There is a strong association between blood pressure and the risk of albuminuria; however, the results on sex differences are rare and inconsistent. Joel et al. [43] reported that men with chronic kidney disease of various etiologies experienced a faster rate of decline in renal function over time than women. In a study of 223 nondiabetic patients diagnosed with mild hypertension, male sex and 24-hour systolic blood pressure were significant determinants of microalbuminuria [44]. However, these studies on the association between blood pressure and albuminuria are based on data from a single blood pressure measurement, multiple blood pressure measurements over a short time or 24-hour ambulatory blood pressure measurements. In contrast, a global-based review reported that in most regions of the world, the prevalence of CKD among women is higher than in men [45]. Albuminuria is a well-recognized marker of microcirculatory damage that is more applicable in young and middle-aged adults,[46] and proteinuria should be considered a predictor of a decline in glomerular filtration rate and the development of end-stage renal disease [47]. We speculate that this may be due to albuminuria being an early marker of kidney damage and sex differences appearing before the onset of chronic kidney disease. This may explain why higher cumulative SBP is more significantly associated with albuminuria in women. In addition, we found that the prevalence of smoking in men was very high. In order to rule out the impact of smoking on gender differences, we analyzed the relationship between smoking status and albuminuria in this study (Additional file 7). The results showed that there was no significant correlation between smoking status and adult albuminuria. Indeed, we propose that more clinical evidence and mechanisms of how cumulative SBP affects albuminuria by sex should be clarified in future studies.

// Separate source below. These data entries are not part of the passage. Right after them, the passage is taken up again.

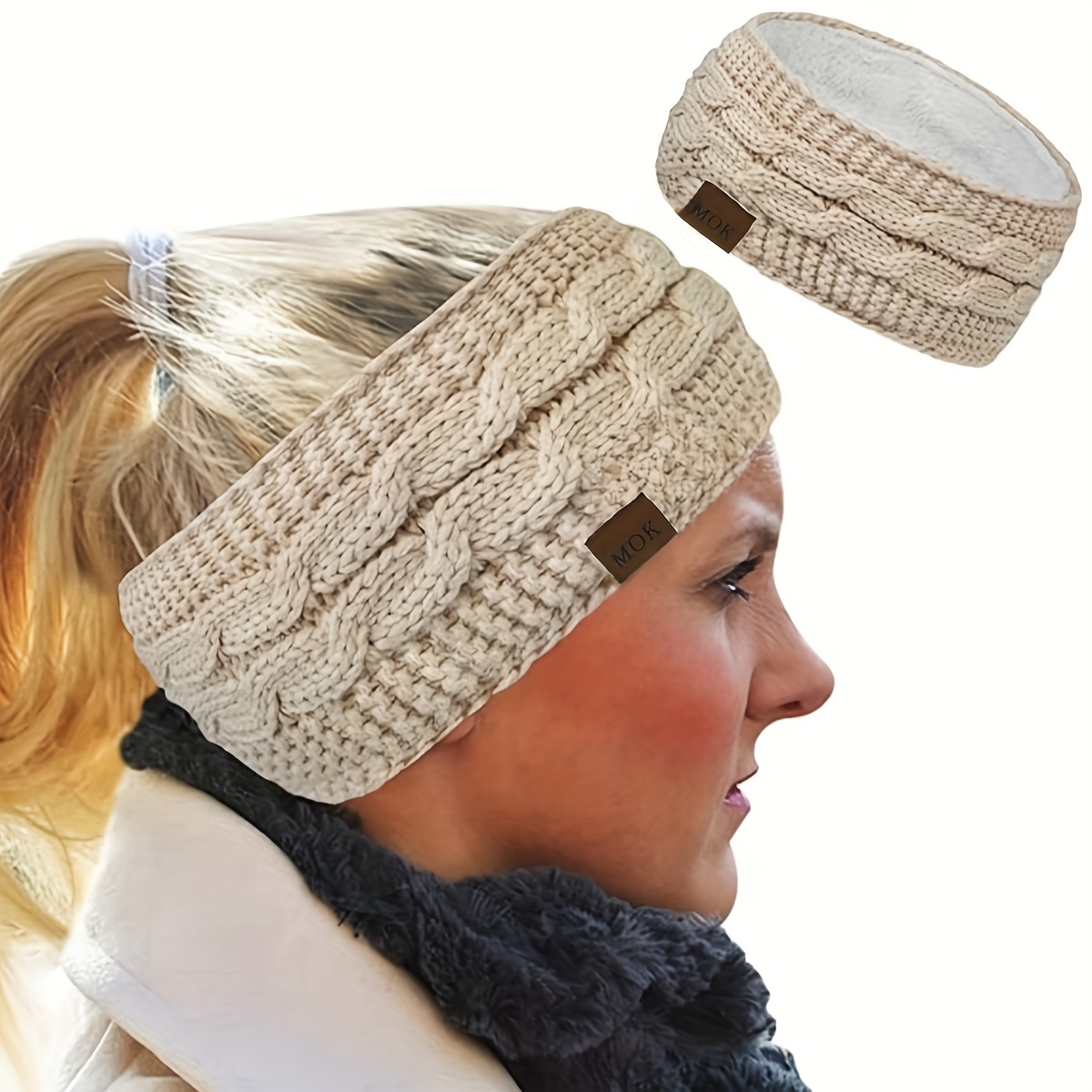 Diadema para ciclismo de invie - Running Gear Hat reseña y precio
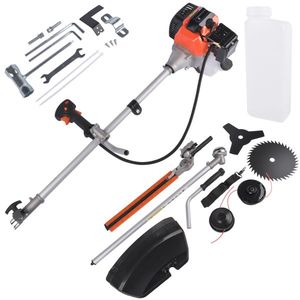 Decespugliatore a Benzina a 4 Tempi con Motore in Alluminio da 36cc, 3-in-1 per Bordatura e Rifinitura - Product Image 3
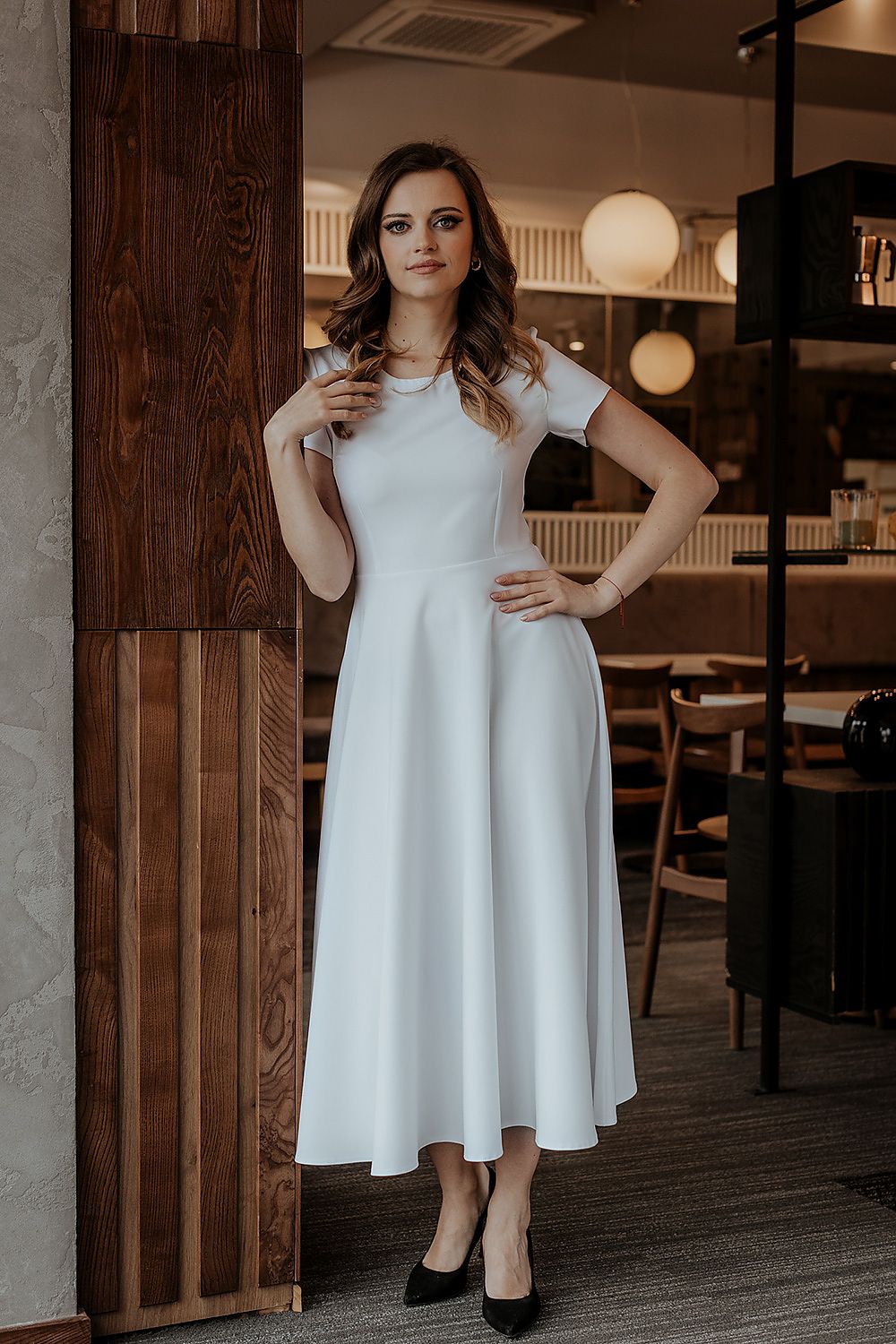  Denní šaty model 176717 Tessita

Our current study had several strengths. This prospective cohort with a regular follow-up period of 30 years included children and adolescents at baseline and provides opportunity to demonstrate a significant inverse correlation between early-life SBP cumulative exposure and albuminuria in midlife. Moreover, we used the long-term cumulative burden and trend of BP (measured as total AUC and incremental AUC, respectively) to predict the occurrence of albuminuria in middle-aged adults of different sexes. However, our analysis had several limitations. For example, most of our participants were from the Han nationality in rural areas of northern China. Nevertheless, it also reduces potential confounding factors caused by race and living environments. In addition, albuminuria was assessed with spot morning urine samples and not 24-hour urine collection. However, our spot morning urine samples are collected, transported, and stored in a strict way by professional physicians; additionally, in some large clinical studies, spot urine is also used instead of 24-hour urine to evaluate proteinuria [28, 48]. What’s more, participants with median age of 44 years old in the last follow-up experienced a relatively low prevalence of kidney disease; and the number of participants with albuminuria was rather small.

In summary, we demonstrated that a higher cumulative burden and trends of SBP with a 30-year follow-up was independently associated with uACR levels and the incidence of proteinuria in midlife. Furthermore, we have shown for the first time that this association was more apparent in female individuals, but not in males. These results underscore the importance of controlling cumulative SBP levels to prevent albuminuria in adult life, especially in women.